## PROBLEM TO WORK ON
Exactly reproduce the lines from the one holding "Dante 404: God.Zip, (Paperback)" through the end of the records, including both boundary lines but no pictures.

## DATA FOR THIS EXERCISE

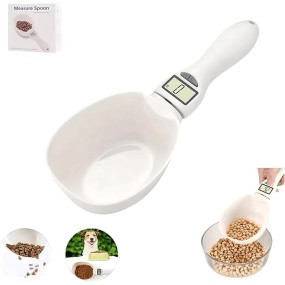 Measuring Spoon Supplier - Digital LCD Display Eco-Friendly Kitchen Tool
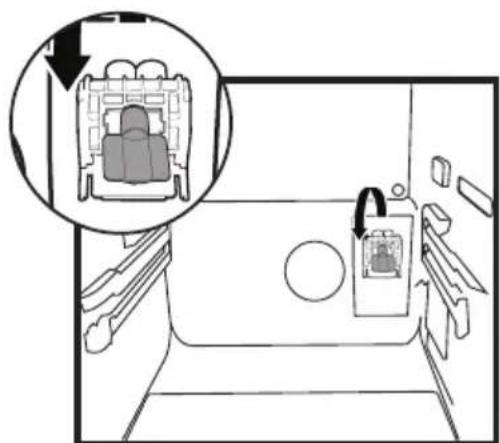 BLOMBERG IWD 1007 XT - (in some models) Installation Requirements - 7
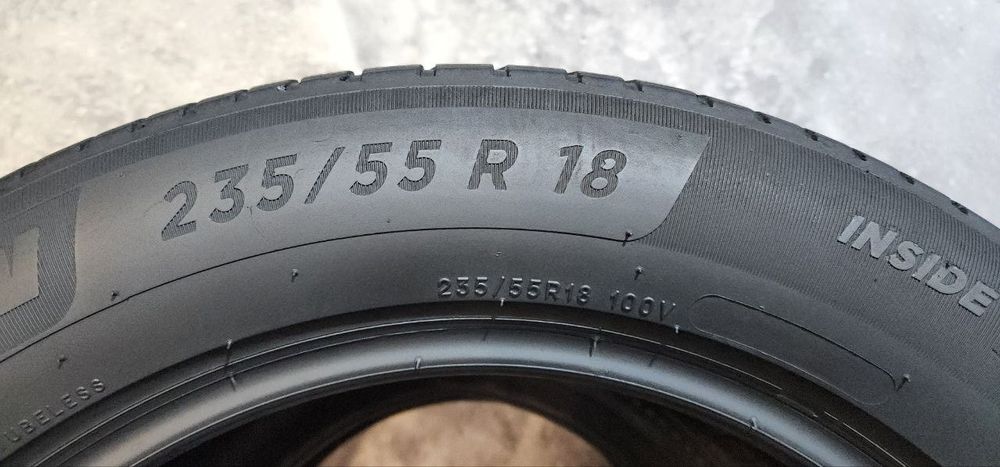 235.55.18 Michelin Primacy4 2шт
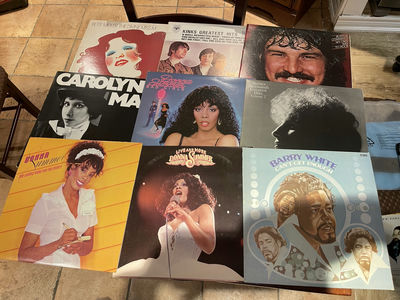 1970’s Record Albums - Image 1 of 6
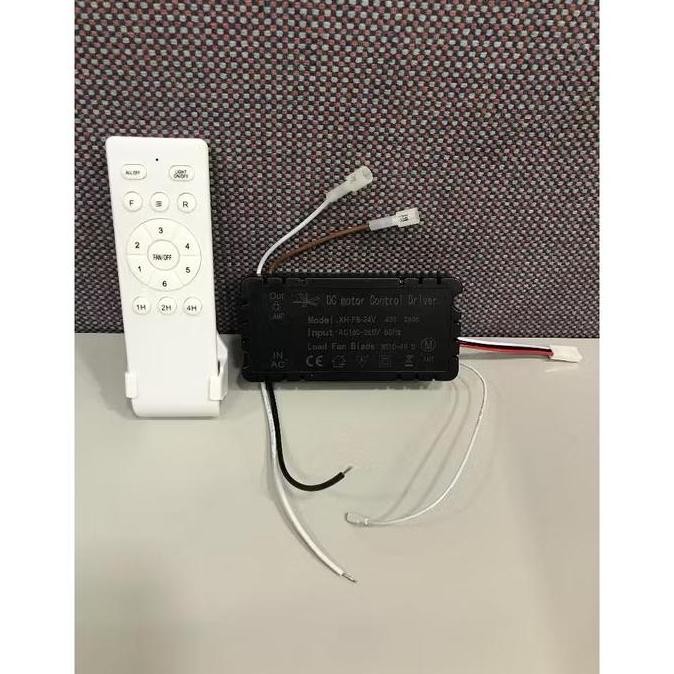 Remote Control Kipas Angin DC Motor Control Driver REMOTE CONTROL UNTUK KIPAS ANGIN PLAFON DENGAN LA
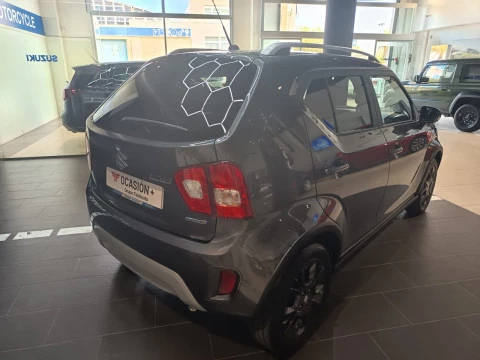 Suzuki Ignis 1.2 GLX Mild Hybrid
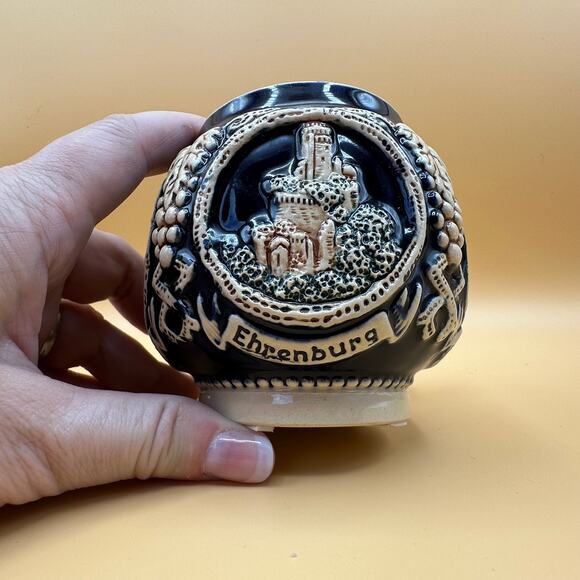 Vintage Marzi and Remy Handled Mug Cup German Castles 2885 - Picture 3 of 14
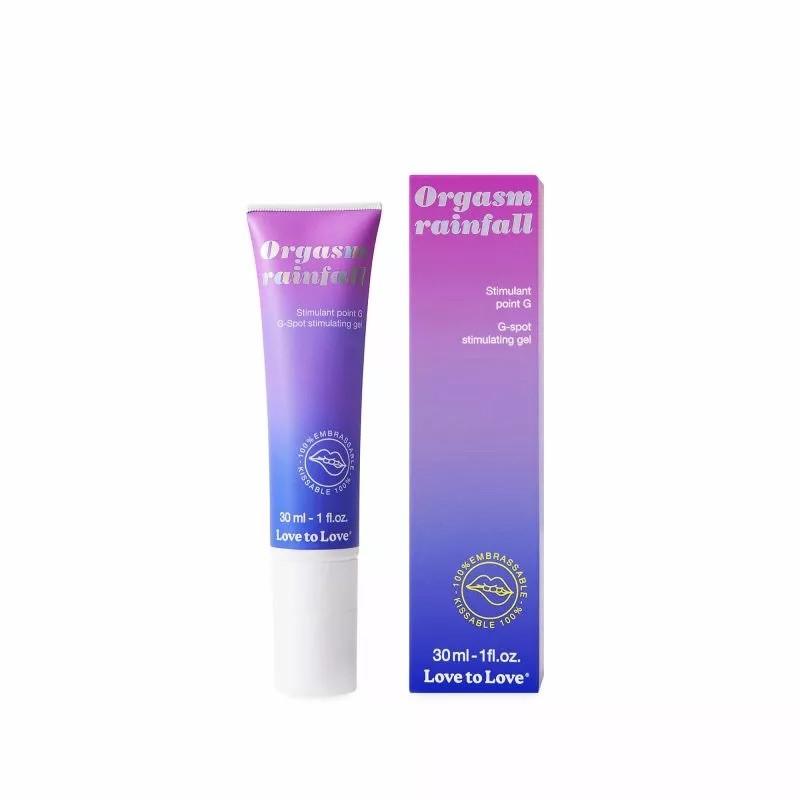 ORGASM RAINFALL - STIMULANT POINT G - 30ML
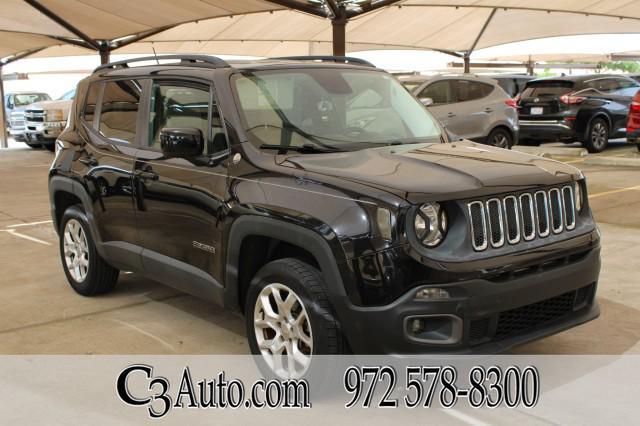 2015 Jeep Renegade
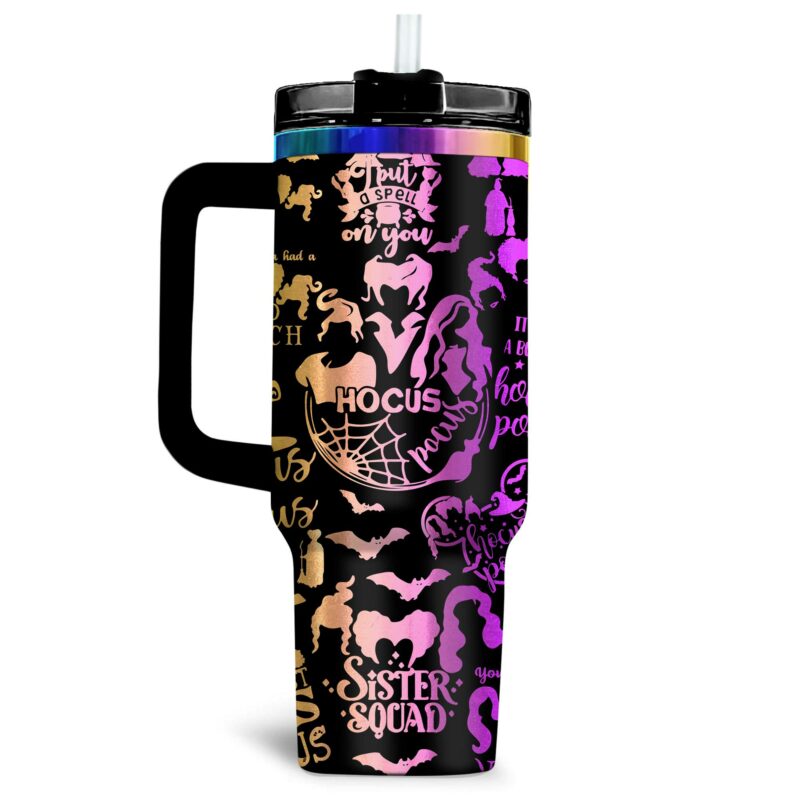 HCPC Laser Engraved Stanley Tumbler 40oz NTH4254LTT - Image 3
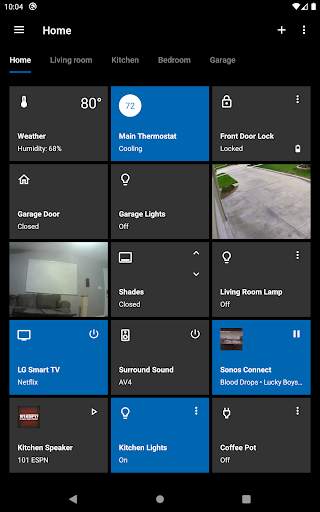 Home Remote screenshot 10
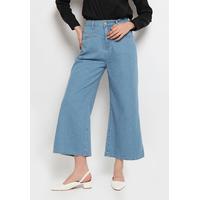 Jual Wide Leg Jeans Model \u0026 Desain 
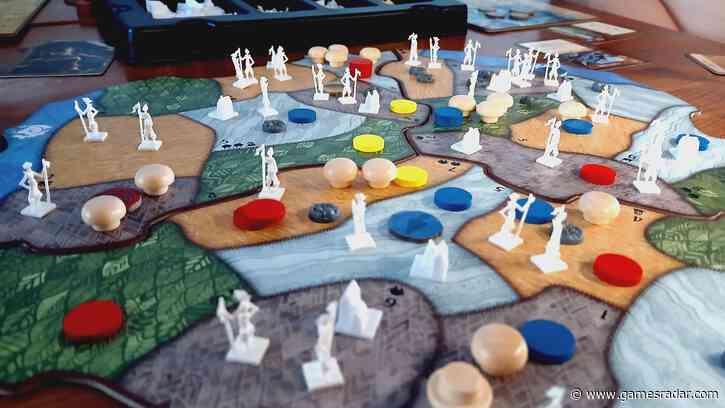 I've spent years reviewing strategy board games, and I'll die on the hill that these are some of the best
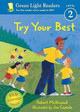 Try Your Best by Robert Mckissack 9780152050900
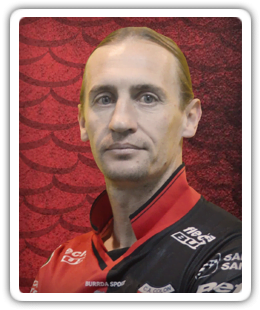 Player face
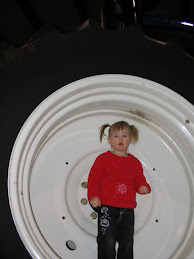 My baby girl!
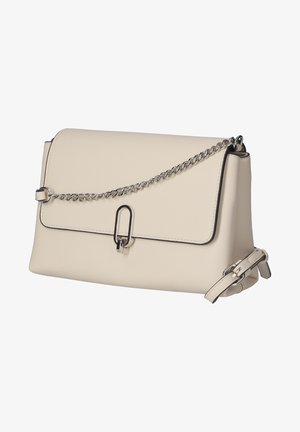 Seidenfelt HALSA BIG - Sac bandoulière - beige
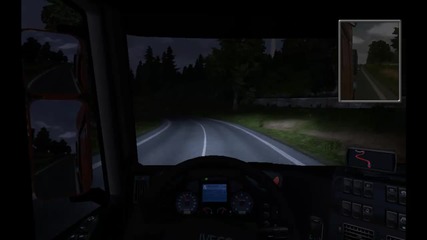 Euro Truck Simulator 2 - Епизод 21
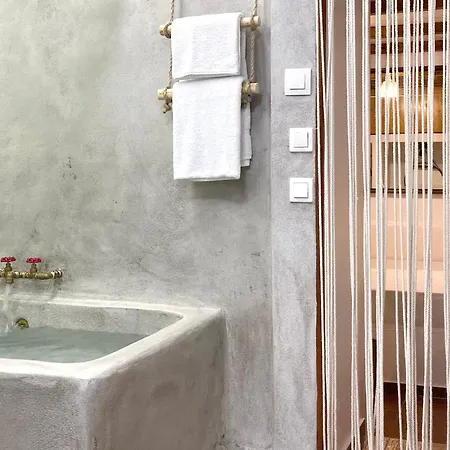 La Cueva Milos Apartmán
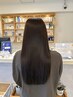話題の《トステア髪質改善》× 艶カラー￥9000～
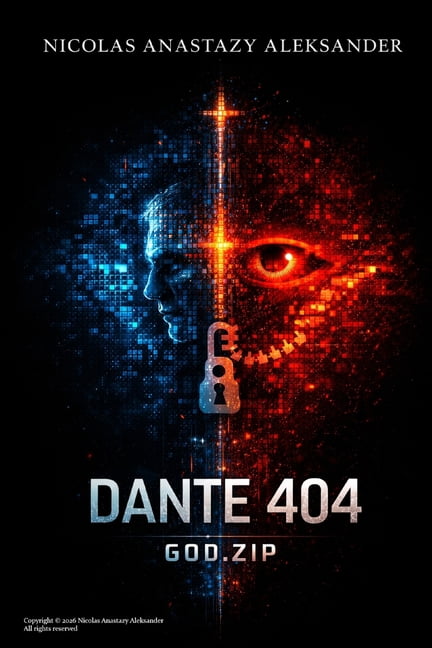 Dante 404: God.Zip, (Paperback)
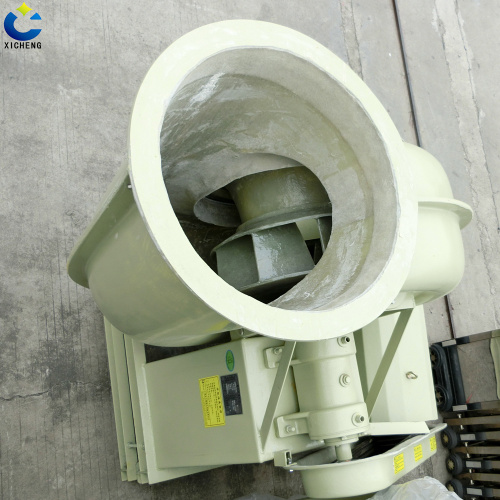 acid-alkali resistant fiberglass reinforced plastic fan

## SOLUTION TO THIS EXERCISE
 Dante 404: God.Zip, (Paperback)
 acid-alkali resistant fiberglass reinforced plastic fan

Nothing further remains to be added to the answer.